[Data entries]
_ _ _
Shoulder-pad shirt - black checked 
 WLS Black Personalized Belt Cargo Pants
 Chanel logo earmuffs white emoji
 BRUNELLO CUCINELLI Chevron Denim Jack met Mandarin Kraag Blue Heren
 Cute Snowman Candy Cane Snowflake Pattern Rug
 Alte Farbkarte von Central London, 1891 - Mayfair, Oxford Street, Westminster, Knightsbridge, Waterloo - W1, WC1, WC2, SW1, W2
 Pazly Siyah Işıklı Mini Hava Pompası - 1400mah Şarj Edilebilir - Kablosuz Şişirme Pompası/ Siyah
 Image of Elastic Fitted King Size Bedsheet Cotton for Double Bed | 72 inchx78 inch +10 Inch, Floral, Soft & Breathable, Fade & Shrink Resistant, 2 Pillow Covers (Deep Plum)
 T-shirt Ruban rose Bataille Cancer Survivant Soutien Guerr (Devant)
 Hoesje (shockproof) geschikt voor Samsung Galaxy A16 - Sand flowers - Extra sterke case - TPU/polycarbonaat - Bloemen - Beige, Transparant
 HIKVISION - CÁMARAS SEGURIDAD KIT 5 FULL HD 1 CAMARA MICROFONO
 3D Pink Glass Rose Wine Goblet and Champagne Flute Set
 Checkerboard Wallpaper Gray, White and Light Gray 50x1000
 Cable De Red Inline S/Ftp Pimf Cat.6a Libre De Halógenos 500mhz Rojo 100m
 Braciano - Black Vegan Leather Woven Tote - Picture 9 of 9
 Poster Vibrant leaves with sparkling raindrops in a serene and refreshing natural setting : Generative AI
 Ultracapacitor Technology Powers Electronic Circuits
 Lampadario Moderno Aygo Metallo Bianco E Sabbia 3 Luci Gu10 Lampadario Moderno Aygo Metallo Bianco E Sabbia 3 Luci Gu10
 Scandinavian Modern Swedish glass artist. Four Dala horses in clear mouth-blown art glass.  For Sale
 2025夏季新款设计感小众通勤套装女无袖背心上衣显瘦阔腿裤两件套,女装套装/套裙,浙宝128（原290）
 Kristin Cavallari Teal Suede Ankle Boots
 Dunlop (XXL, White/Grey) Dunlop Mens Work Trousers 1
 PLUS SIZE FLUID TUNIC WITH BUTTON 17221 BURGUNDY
_ _ _
#### PROBLEM REQUIREMENTS
Using the data above, return each line that includes the word "shirt".

#### RESULT BELOW
Shoulder-pad shirt - black checked 
 T-shirt Ruban rose Bataille Cancer Survivant Soutien Guerr (Devant)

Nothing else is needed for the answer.